Gintoki mendesah. Harus mulai dari mana ia membereskan semua kekacauan ini? Gintoki jadi horror sendiri melihat betapa mengerikannya ruangan ini. Tidak hanya penuh dengan sampah berserakan, barang-barang yang ada di sekitarnya pun tergeletak tak beraturan di sembarang tempat. Dengan ogah-ogahan ia bangkit dari sofa. Seandainya saja saat ini ia punya seribu kloning, pasti akan sangat membantu sekali.

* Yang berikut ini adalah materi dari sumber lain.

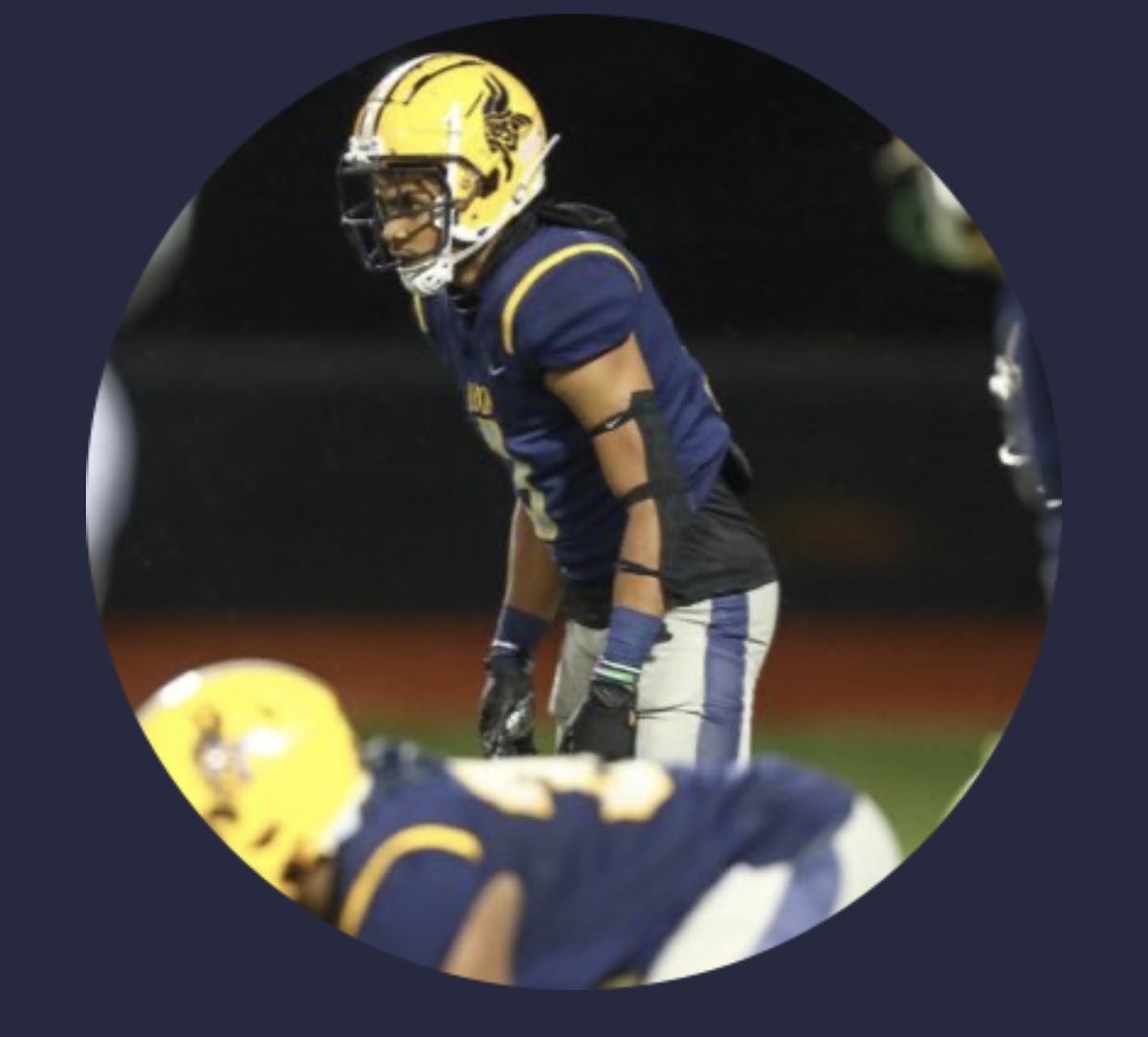 Prep2Play's tweet photo. 🚨New PrepStar Prospect🚨👀👇 PrepStar Verified ‘24 DB/ATH @jayyp3x | Arlington Lamar HS
📏6’1” 190
⏱4.65 40 | 4.43 Shuttle
🧰33.3” Vertical | 9’8” Broad 
💪245 Bench | 415 Squat
Verified Profile &amp; 🎥: https://t.co/mjIZesl4sE
🗣️Film Don’t Lie, Dude Can Play💡
🗣️HS LB 👉Safety✅ https://t.co/lHAKQOXbSP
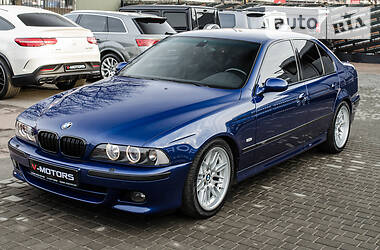 Седан BMW M5 2000 в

"Tidak usah membayangkan yang tidak-tidak. Cepat kerjakan!" seru Hijikata lagi-lagi seolah ia benar-benar bisa membaca isi pikiran Gintoki.

Ish. Orang ini? Dia itu cenayang ya? Atau paranormal? Bisa-bisanya dia menebak dengan tepat isi pikirannya. Gintoki mendengus tak percaya.

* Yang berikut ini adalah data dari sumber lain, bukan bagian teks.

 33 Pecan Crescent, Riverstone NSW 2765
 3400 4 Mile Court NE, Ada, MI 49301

Akhirnya ia memutuskan untuk mulai merapikan majalah-majalah yang berserakan di atas meja terlebih dulu. Selesai merapikan majalah-majalah itu, ia mengambil sapu dan mulai membersihkan bungkus-bungkus camilan yang berserakan di lantai. Mulai dari bungkus keripik, kotak susu strawberry, kulit kacang, semuanya bertebaran di semua sudut ruangan. Entah, dengan gaya apa ia makan tadi sampai sampahnya bisa menyebar ke mana-mana seperti itu.

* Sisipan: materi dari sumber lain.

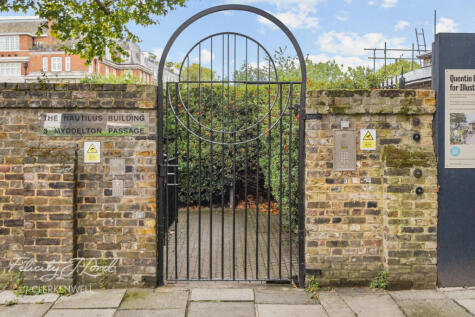 Myddelton Passage, LONDON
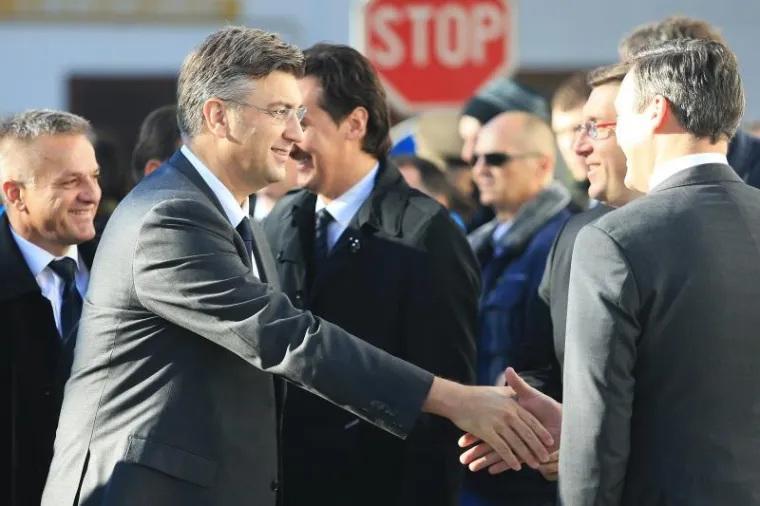 DRŽAVNI VRH U VUKOVARU: U Koloni sjećanja premijer, predsjednica, ministri...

Sambil menyapu, sesekali Gintoki melirik ke arah Hijikata yang kini duduk manis di sofa yang ia tempati tadi. Sepertinya dia sama sekali tak peduli dan tak ada keinginan untuk membantunya. Dengan cuek, dia menonton televisi sambil melahap habis sebotol mayonaise dalam sekali sedot.

Tengah sibuk mengumpulkan sampah-sampah itu dalam keranjang, sebuah ide jahil tiba-tiba melintas di kepalanya. Menyeringai lebar, ia sengaja menutupi pandangan Hijikata ke layar televisi dengan berlama-lama menyapu di depan televisi.

"Tch! Kau bisa menyingkir dari sana, tidak?" gerutu Hijikata kesal.

Namun bukannya menyingkir, Gintoki malah mendekat ke arah Hijikata dan semakin semangat mengganggunya.

"Minggir. Minggir. Minggiiiiiirrr~" Gintoki menyapu lantai di bawah kaki Hijikata, dan dengan sengaja menyapu juga kaki Hijikata keras-keras.

Twiitch!

Dahi Hijikata berkedut melihat tingkah Gintoki—yang ia tahu pasti disengaja. Mencoba menahan diri, ia menaikan kedua kakinya ke atas sofa. Bukan Hijikata namanya kalau ia diam saja saat dikerjai oleh Gintoki. Menahan senyum, ia meraih sisa kacang kulit Sanghai yang ada di atas meja. Dibukanya kulit kacang itu, dilahap isinya, lalu dilemparkannya kulit kacangnya sembarangan.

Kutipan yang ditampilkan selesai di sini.